Bijlage 8. Voedingstips bij obstipatie/verstopping

Bron: voedingenkankerinfo.nl

  • Eet voldoende vezels; bij verstopping kunnen vezels samen met voldoende vocht de ontlasting soepel en zachter maken en houden. Ook houden vezels de darm in beweging. Kies zoveel mogelijk voor volkoren producten. Doe dit alleen als er veel bij gedronken kan worden. Wanneer er veel vezels gegeten worden maar te weinig gedronken, zal de stoelgang namelijk nog moeilijker worden. De combinatie van vezels en vocht is dus erg belangrijk. Vezels zitten onder andere in volkorenbrood, volkoren pasta, zilvervliesrijst, volkoren couscous, groente, fruit, noten, pitten en zaden.
  • Drink ongeveer 1,5 - 2 liter per dag; vocht is nodig om de ontlasting soepel en zacht te krijgen.
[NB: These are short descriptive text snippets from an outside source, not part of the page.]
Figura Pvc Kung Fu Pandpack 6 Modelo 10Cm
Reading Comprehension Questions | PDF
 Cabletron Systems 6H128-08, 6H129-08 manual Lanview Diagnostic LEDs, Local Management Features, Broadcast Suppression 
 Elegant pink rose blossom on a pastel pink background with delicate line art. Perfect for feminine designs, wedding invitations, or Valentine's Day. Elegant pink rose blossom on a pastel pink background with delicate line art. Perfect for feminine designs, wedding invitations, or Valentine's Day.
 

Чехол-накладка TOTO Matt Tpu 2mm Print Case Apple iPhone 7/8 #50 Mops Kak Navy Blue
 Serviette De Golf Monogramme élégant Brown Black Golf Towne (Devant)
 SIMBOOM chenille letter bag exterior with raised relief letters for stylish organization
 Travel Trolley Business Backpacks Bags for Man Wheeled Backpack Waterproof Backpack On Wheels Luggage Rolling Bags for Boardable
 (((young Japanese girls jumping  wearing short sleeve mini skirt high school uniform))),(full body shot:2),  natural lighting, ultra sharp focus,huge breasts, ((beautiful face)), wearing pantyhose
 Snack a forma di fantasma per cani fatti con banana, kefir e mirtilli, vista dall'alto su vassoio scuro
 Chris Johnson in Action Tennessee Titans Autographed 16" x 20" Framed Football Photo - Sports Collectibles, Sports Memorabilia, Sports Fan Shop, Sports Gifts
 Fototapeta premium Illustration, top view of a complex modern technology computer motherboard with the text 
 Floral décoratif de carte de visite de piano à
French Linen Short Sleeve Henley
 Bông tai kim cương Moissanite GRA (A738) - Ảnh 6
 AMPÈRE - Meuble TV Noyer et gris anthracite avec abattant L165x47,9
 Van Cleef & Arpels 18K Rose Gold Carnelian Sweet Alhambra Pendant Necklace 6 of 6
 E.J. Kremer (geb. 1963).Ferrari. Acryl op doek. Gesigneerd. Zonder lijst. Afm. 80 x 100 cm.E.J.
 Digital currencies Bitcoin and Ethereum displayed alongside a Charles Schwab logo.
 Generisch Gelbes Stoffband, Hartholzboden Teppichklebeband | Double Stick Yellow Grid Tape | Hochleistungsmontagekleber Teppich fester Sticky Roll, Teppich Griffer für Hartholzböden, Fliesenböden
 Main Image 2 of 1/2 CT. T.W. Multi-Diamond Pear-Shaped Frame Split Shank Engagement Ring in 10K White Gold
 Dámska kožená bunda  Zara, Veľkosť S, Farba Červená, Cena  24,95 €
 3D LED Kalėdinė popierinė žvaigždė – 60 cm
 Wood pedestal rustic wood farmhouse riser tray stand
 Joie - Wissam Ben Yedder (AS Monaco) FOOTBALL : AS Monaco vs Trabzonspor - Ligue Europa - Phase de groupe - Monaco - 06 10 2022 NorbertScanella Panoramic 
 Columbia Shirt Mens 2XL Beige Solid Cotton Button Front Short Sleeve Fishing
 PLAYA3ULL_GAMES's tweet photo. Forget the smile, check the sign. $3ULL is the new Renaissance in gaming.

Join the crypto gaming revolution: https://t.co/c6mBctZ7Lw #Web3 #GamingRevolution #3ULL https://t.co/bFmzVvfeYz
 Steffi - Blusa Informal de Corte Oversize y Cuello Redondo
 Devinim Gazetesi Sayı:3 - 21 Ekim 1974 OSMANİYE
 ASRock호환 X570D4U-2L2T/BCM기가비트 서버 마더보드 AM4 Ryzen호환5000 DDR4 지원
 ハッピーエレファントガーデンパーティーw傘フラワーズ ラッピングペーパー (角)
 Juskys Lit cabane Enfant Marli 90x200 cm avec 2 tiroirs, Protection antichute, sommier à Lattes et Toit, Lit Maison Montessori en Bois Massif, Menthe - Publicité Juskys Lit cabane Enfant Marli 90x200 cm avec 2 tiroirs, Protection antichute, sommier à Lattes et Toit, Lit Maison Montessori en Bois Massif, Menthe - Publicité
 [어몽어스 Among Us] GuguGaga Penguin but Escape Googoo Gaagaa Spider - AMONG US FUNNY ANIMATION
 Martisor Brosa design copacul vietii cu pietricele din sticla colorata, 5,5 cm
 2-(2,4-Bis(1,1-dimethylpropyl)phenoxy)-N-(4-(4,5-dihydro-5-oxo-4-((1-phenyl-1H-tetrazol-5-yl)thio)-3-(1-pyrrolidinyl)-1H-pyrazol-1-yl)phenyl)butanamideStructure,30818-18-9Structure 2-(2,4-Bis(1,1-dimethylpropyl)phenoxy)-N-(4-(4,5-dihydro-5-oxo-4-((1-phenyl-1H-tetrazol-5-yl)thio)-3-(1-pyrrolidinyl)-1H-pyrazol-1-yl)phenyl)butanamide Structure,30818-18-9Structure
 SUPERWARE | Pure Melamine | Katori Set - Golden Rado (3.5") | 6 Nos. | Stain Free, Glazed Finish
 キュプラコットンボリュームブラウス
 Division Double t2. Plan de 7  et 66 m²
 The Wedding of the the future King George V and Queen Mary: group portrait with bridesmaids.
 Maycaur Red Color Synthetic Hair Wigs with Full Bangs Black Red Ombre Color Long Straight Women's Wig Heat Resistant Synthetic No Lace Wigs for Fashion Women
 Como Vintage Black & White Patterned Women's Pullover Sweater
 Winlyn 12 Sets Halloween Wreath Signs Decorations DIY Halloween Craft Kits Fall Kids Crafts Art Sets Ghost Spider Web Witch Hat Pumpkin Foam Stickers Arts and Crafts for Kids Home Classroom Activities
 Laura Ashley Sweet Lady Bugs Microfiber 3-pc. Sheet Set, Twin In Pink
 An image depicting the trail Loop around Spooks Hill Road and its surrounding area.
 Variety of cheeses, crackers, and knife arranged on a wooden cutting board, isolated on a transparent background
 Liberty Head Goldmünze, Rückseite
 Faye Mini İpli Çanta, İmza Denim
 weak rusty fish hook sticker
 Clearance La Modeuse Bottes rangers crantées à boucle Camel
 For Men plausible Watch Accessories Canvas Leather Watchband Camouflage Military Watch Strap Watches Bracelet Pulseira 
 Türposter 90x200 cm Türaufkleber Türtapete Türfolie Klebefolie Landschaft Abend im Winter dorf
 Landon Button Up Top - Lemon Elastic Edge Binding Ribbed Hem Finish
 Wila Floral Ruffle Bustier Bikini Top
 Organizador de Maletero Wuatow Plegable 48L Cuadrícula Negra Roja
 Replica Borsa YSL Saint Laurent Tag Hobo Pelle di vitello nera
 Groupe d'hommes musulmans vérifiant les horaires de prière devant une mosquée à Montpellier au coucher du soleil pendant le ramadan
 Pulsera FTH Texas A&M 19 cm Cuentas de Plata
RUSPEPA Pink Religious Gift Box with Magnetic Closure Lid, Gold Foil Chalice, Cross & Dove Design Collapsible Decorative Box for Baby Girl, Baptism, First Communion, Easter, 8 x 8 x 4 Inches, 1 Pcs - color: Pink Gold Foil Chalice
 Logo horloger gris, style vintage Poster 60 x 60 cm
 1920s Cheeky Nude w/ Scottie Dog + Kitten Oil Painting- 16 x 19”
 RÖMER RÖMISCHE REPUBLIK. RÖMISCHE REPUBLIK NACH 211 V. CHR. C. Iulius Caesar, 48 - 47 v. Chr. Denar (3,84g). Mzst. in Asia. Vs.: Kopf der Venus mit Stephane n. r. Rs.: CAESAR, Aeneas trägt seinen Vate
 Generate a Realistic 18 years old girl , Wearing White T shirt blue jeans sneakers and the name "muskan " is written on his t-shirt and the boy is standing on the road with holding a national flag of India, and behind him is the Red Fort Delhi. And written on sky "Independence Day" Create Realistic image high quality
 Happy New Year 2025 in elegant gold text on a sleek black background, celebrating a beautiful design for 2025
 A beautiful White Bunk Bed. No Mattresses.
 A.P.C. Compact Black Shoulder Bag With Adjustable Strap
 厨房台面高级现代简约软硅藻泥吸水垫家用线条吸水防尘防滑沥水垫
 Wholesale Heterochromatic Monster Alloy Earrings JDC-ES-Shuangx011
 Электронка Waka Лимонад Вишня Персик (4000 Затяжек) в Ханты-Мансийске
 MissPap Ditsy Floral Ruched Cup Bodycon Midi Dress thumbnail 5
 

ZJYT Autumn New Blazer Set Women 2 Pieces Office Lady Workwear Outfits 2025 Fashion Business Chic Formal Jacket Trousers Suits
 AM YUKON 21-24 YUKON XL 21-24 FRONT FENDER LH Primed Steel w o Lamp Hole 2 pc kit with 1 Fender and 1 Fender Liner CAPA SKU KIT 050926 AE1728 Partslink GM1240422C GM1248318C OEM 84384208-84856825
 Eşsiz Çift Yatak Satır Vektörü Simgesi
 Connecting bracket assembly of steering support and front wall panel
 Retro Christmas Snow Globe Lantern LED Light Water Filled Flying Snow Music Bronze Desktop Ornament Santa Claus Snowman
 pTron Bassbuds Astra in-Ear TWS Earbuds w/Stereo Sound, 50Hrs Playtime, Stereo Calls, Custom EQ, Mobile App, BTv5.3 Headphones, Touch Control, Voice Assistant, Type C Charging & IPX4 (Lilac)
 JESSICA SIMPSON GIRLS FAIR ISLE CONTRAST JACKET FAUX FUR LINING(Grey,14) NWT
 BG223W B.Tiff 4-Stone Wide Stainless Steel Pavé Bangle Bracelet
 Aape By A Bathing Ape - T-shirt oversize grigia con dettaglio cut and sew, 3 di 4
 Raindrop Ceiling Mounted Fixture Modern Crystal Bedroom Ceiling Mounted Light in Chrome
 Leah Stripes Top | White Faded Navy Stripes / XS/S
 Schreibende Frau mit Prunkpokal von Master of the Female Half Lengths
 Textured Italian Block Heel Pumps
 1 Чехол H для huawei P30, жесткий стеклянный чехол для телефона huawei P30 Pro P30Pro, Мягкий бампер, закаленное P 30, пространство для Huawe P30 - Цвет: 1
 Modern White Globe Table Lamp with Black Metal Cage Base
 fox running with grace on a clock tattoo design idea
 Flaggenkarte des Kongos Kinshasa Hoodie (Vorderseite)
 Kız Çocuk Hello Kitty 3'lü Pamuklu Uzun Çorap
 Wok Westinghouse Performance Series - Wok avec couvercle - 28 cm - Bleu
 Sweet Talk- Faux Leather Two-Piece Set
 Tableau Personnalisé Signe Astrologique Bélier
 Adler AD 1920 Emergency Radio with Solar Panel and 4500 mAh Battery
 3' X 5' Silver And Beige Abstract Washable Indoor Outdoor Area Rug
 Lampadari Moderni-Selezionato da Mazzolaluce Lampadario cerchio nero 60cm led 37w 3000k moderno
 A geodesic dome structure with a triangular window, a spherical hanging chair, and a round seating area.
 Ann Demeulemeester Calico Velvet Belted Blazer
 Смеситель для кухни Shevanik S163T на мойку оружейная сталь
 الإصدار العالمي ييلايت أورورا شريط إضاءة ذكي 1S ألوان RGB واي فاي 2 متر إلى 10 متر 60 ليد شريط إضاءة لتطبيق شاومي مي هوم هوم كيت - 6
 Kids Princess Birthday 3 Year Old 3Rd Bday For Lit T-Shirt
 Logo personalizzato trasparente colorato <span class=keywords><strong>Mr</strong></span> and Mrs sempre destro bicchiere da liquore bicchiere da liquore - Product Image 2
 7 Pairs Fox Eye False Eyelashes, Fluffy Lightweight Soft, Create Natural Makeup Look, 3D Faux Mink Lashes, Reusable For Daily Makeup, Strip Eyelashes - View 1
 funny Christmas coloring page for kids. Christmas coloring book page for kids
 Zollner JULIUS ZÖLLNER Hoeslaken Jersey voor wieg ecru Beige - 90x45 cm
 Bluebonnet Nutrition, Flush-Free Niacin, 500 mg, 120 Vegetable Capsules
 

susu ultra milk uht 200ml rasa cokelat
Anderhalf tot twee liter vocht per dag staat gelijk aan 10-15 glazen per dag. Niet alleen water telt als vocht, maar ook andere dranken als thee, koffie en melk. Daarnaast tellen ook soep, vla en yoghurt mee.
  • Kom in beweging voor zover mogelijk; bewegen zoals wandelen of fietsen zorgt ervoor dat de darmen in beweging komen. De ontlasting zal zich op die manier makkelijker door de darmen heen verplaatsen. De stoelgang zal zo makkelijker worden.
  • Ontbijt elke dag; zorg dat iedere dag begint met een goed ontbijt, bijvoorbeeld een schaaltje kwark met fruit en muesli of 2 sneeën volkorenbrood met beleg met daarbij 1-2 glazen drinken. ’s Nachts bewegen de darmen minder dan overdag. Door te ontbijten komen de darmen op gang.
  • Medicijnen voor de stoelgang; er zijn medicijnen die ervoor zorgen dat de stoelgang makkelijker gaat. Vraag de arts/VS/PA hiernaar. Als er medicijnen met morfine (opiaten) gebruikt worden, is een laxeermiddel altijd nodig. Vraag altijd aan de arts welk laxeermiddel gebruikt moet worden.
  • Stel toiletbezoeken niet uit; ga meteen naar het toilet als het voelt dat het moet, stel dit niet uit. Door het uit te stellen verdwijnt de prikkel en wordt de verstopping erger. Let ook op de lichaamshouding op de wc. Zet eventueel een voetenbankje of opstapje onder de voeten. Dit zorgt voor een betere houding.
  • Rustige omgeving; probeer te zorgen voor een rustige omgeving met genoeg privacy zodat er genoeg ontspanning is om naar het toilet te gaan.
  • Vraag om hulp; wanneer de verstopping niet lijkt te verbeteren, vraag dan om advies aan de arts/VS/PA of diëtist.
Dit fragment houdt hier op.